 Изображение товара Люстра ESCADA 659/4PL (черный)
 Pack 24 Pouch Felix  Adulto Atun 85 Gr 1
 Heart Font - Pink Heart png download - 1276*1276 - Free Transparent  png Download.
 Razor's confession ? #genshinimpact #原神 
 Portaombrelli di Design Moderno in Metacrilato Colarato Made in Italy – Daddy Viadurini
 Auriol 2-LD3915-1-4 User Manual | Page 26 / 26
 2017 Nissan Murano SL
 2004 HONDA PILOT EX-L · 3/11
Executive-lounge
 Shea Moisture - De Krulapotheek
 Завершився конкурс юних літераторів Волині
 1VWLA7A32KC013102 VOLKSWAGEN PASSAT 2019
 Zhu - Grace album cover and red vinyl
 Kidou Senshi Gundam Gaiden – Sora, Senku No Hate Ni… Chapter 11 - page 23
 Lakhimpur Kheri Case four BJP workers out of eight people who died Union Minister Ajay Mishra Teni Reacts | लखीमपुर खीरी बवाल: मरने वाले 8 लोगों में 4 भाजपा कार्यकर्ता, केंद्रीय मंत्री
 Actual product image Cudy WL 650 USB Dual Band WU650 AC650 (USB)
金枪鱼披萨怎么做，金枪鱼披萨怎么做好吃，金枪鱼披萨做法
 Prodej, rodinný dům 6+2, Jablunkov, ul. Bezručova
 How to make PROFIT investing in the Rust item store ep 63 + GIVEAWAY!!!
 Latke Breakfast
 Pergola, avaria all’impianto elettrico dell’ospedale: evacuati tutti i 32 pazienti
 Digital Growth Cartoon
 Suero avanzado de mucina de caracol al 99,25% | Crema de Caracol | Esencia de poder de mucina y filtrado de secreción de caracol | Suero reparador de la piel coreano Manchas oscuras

:::::

Going back over the entries above, copy word for word every line from the one that has "Heart Font - Pink" on through the one that has "2004 HONDA PILOT EX-L · 3/11".

> [RESULT]
 Heart Font - Pink Heart png download - 1276*1276 - Free Transparent  png Download.
 Razor's confession ? #genshinimpact #原神 
 Portaombrelli di Design Moderno in Metacrilato Colarato Made in Italy – Daddy Viadurini
 Auriol 2-LD3915-1-4 User Manual | Page 26 / 26
 2017 Nissan Murano SL
 2004 HONDA PILOT EX-L · 3/11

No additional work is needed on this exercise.